Are there simple ways to evaluate whether a trade in an auction keeper league is a good one or bad one? Sure there is. Both players play the same position and have the same draft salaries. Then compare how each one compares with the other in the stats categories and decide if you feel the exchange of one's production for the other's production is worth it.
But what if the two players had different salaries? Then you'd have the additional consideration of the difference in salaries to consider. A $24 Raul Ibanez for a $9 Jonny Gomes could be seen to favor the Gomes owner because Ibanez is expected to out-produce Gomes in 2008. However, the Gomes owner may balk because he or she can use the difference in salaries to obtain a $16 player at the draft.

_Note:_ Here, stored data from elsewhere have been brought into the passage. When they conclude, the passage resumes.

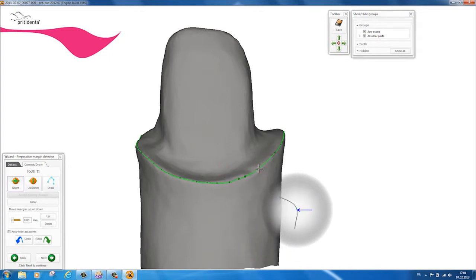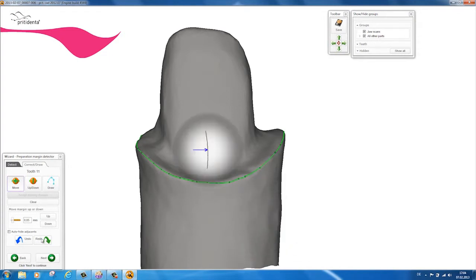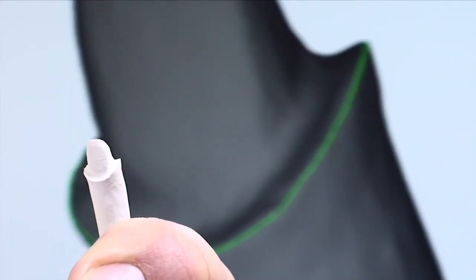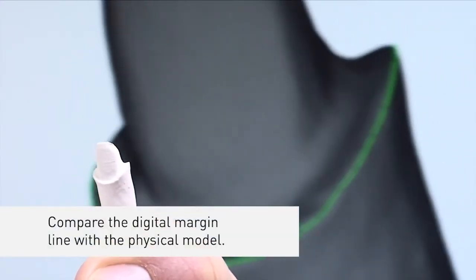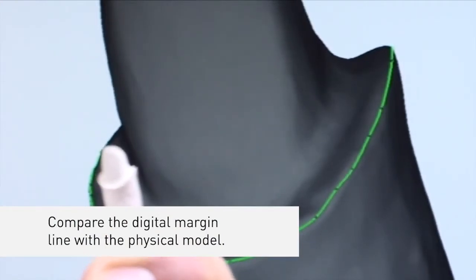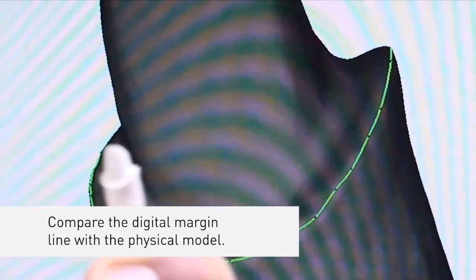If you prefer, you can define the margin line yourself. As a precautionary measure, it is advisable to compare the CAD margin line with the physical model.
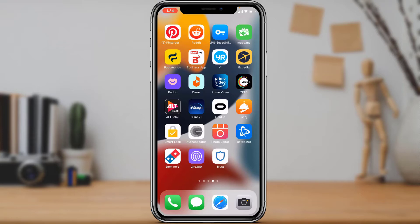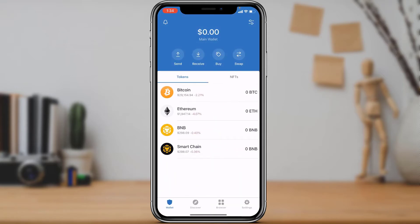After you have downloaded the application, make sure you already have an account or have already created a wallet. Once done, you can simply open the Trust Wallet application. As you can see, this is how the home interface of the Trust Wallet application looks.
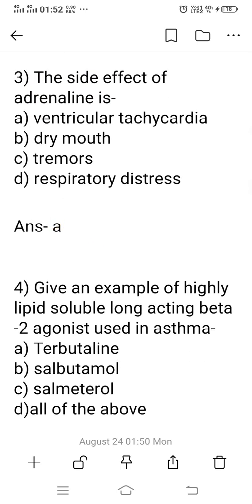Question 3: What is the side effect of adrenaline? Option A: Ventricular tachycardia. Option B: Dry mouth. Option C: Tremor. Option D: Respiratory distress. The right answer is option A — the important side effect of adrenaline is ventricular tachycardia.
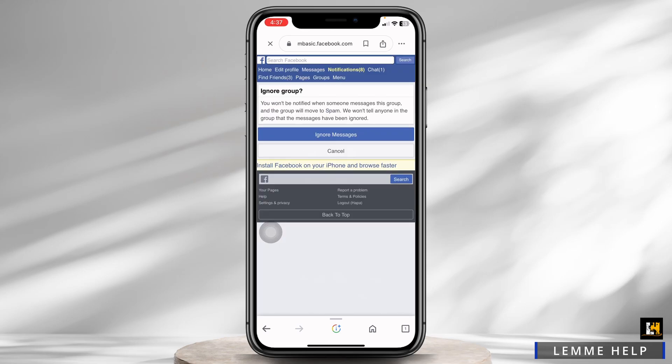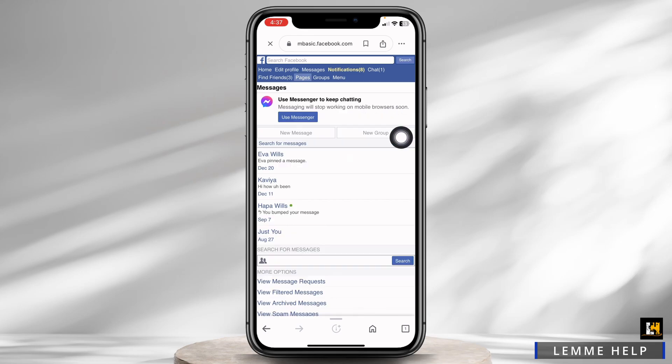You won't be notified when someone messages this group, and the group will be moved to spam. We won't tell anyone in the group that the messages have been ignored. This is similar to restricting group chat. So click on ignore messages — this is how you can restrict group chat in Messenger.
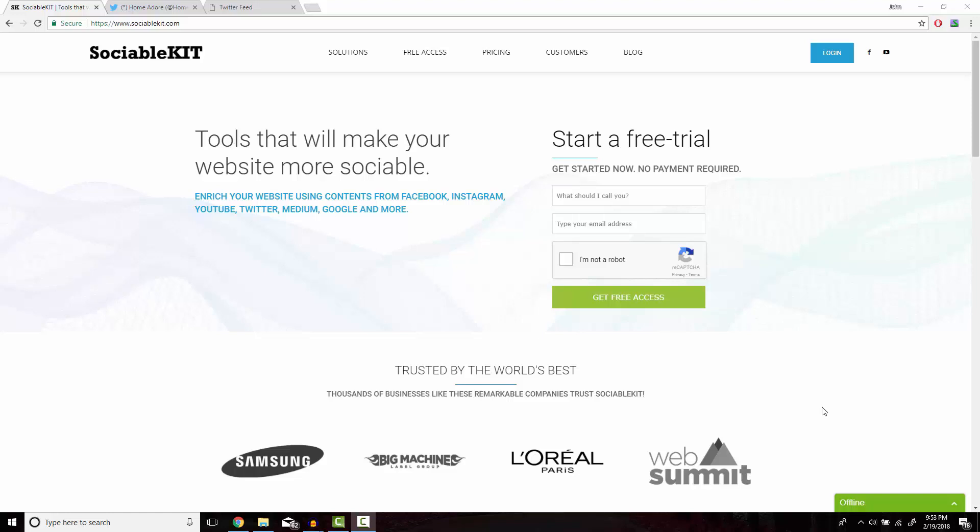Hello, thank you for tuning in. In this video, I'm going to show you how to embed Facebook photo albums onto your website using the fast and simple sociablekit.com.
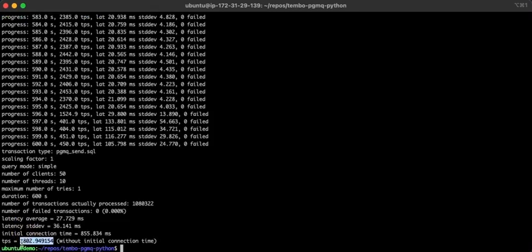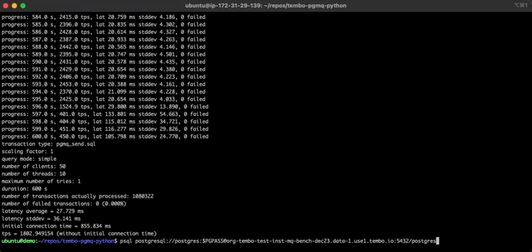We averaged 1,800 transactions per second, and we know there are 100 messages per transaction, so that should come out to about 180,000 messages per second. Let's take a look at the queue and just see how many messages we sent over the course of that 10 minute benchmark.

Why $16? Because the Ibanez owner have to get a $1 player to match the against the player the Gomes' owner argues he'd have by not acquiring Ibanez and using the savings on a decent player.

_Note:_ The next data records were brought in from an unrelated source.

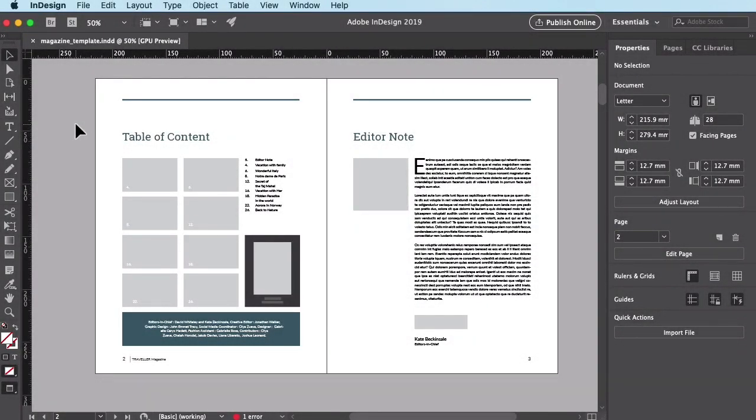When sharing PDF documents you've made in InDesign, you might have been surprised to find out that the fonts don't always display how you would expect on other people's devices. To ensure this doesn't happen, you can embed fonts directly into the PDF document itself.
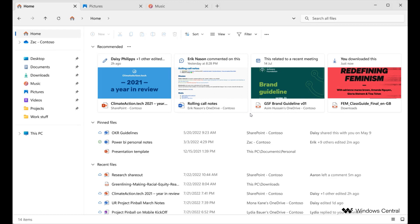And I think the biggest change here would be the redesigned toolbar, where we will get a combined address and search bar. So we can see that's a bit of a change. And then also other actions like your view, cut, copy, paste, and so on, are all going to be below the address bar.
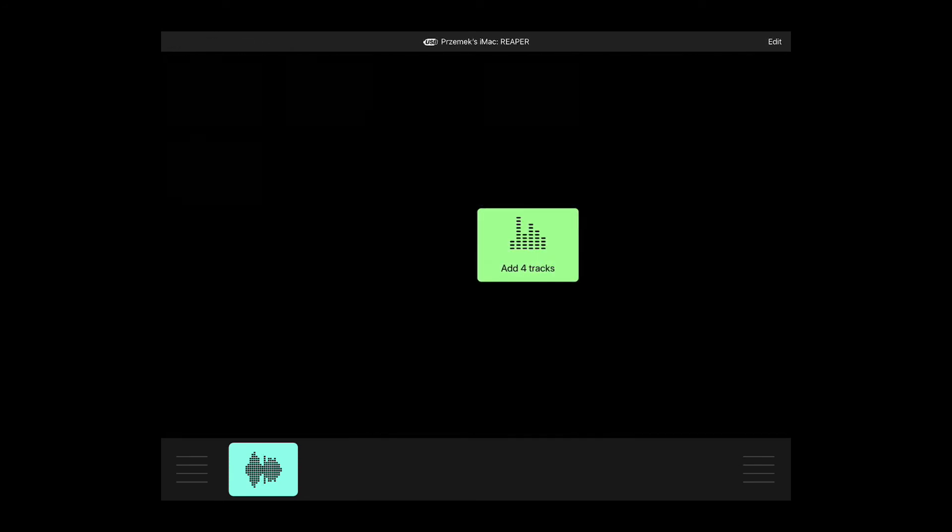Now your button is ready to trigger the macro in Reaper. You don't have to assign or remember any keyboard shortcuts or MIDI messages. Metagrid does it automatically for you.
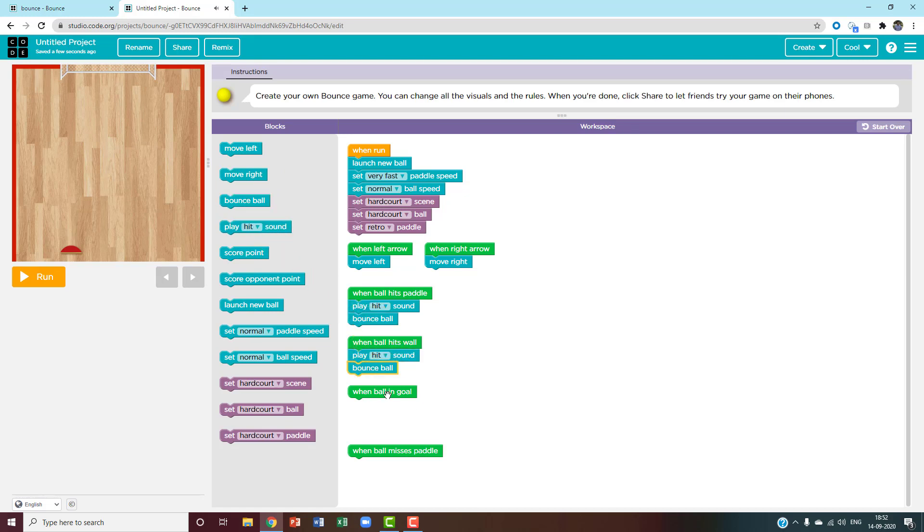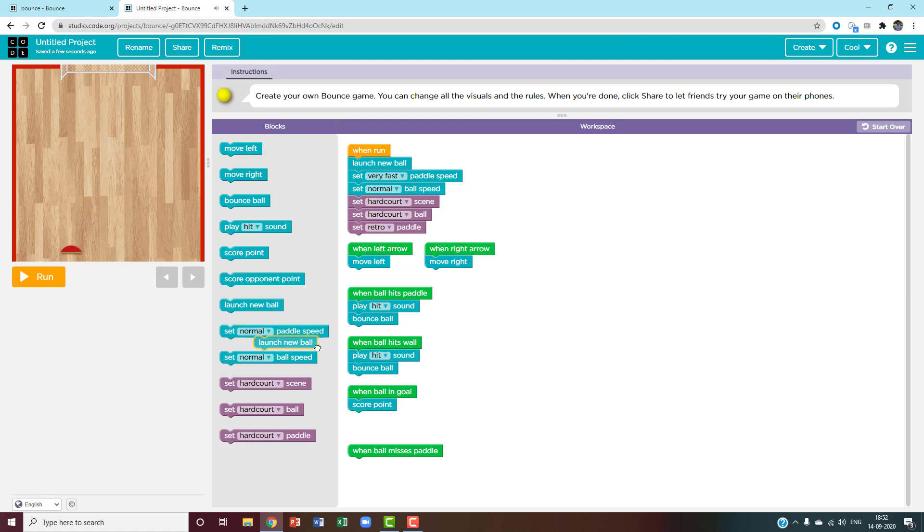Next, when the ball goes into the goal, I want it to score one point for me and then launch a new ball.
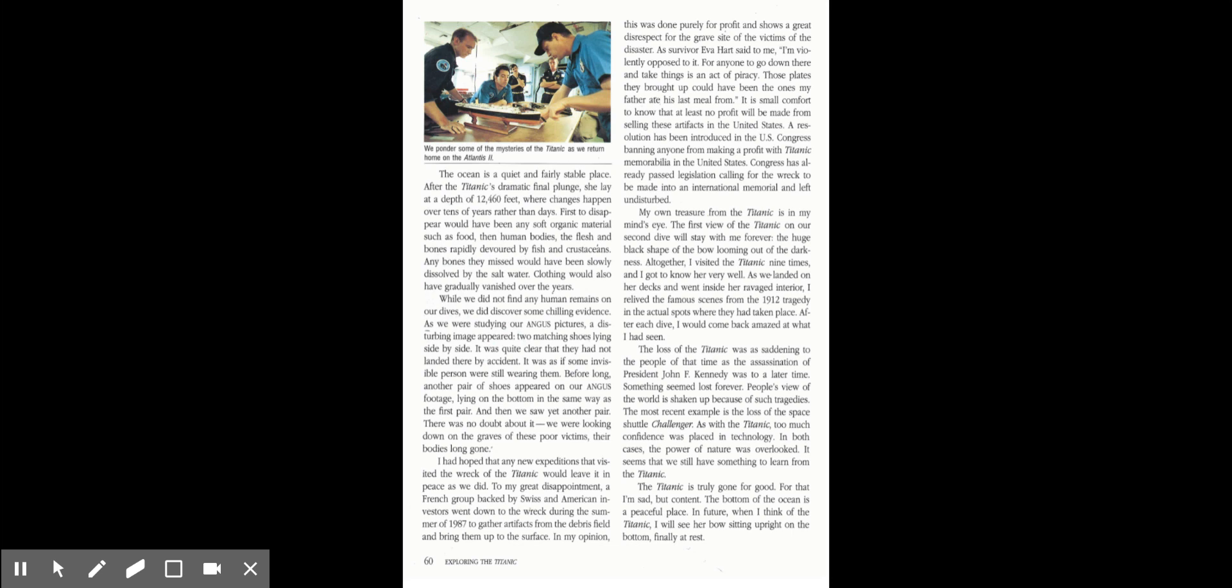My own treasure from the Titanic is in my mind's eye. The first view of the Titanic on our second dive will stay with me forever. The huge black shape of the bow looming out of the darkness. All together, I visited the Titanic nine times. I got to know her very well. As we landed on her decks and went inside her ravaged interior, I relived the famous scenes from the 1912 tragedy in the actual spots where they had taken place. After each dive, I would come back amazed at what I had seen.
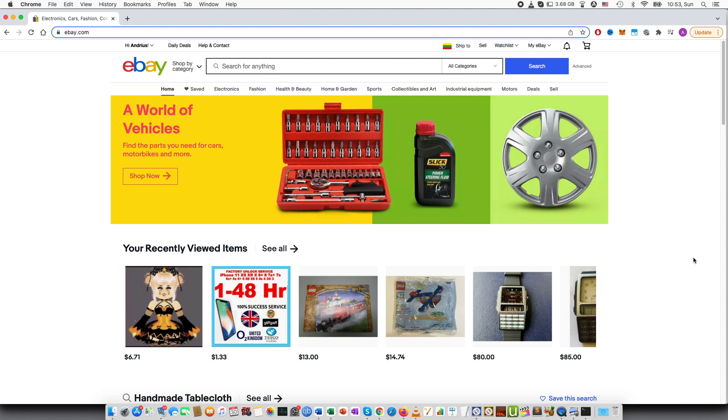So here I am on eBay. I'll start by showing you how you can turn this off because I have turned this on at the moment, and then I'll show you how you can turn it on again.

Simply, $24 Ibanez plus $1 player equals $9 Gomes plus $16 - two players each for a toal cost of $25. If you're in a league that evaluates trades on this basis, then you must consider it a league with very astute owners.

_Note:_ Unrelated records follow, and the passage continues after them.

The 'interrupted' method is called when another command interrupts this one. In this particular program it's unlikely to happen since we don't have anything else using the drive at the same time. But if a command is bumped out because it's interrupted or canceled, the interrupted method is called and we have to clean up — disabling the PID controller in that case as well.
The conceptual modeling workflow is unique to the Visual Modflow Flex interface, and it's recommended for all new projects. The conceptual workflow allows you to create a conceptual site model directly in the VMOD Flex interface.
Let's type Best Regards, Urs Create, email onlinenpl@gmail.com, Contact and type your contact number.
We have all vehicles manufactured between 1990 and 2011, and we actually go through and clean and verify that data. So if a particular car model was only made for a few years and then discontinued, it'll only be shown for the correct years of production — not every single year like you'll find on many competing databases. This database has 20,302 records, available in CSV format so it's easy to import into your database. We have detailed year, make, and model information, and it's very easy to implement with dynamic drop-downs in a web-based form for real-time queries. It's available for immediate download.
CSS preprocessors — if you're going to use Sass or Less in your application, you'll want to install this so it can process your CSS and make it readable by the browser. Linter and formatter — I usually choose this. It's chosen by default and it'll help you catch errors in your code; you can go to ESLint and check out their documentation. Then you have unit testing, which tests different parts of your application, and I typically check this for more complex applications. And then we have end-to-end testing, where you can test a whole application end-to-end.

I'm going to kick that up another notch by claiming the logic has an unevaluated consideration - the opportunity cost the Gomes team has with the acquistion of a $16 player. Say the Gomes team makes Akinori Iwamura that $16 player. (The team owner is a Rays fan, expects Iwamura to improve in his second season away from Japan and the league has high inflation.)
The Ibanez team gets Brandon Fahey as that $1 player. There is little doubt which of the two players will out-perform the other, and this would validate the Gomes owners original rationale for turning down the Ibanez-for-Gomes offer. But the season still has to be played!
During every season, players emerge from the free agent pool who go on to produce on par with an Akinori Iwamura. But which of these owners will be able to strike with the quickness necessary to grab these players? The one with Brandon Fahey filling a roster spot of the one with Akinori Iwamura?
The question is rhetorical. The Fahey owner would make the fast decision while the Iwamura owner talks him- or herself out of grabbing that free agent because Iwamura 1. plays everyday and 2. cost $16. Who wants to waive a player like that? No one.
But the Ibanez owner now has, let's say, Brandon Wood. Who's better off now? The team with Raul Ibanez and a $5 Brandon Wood or the one with Jonny Gomes and a $16 Akinori Iwamura?
That is the opportunity cost that is not being considered by the Gomes owner in the original trade proposal - cheap fantasy keepers!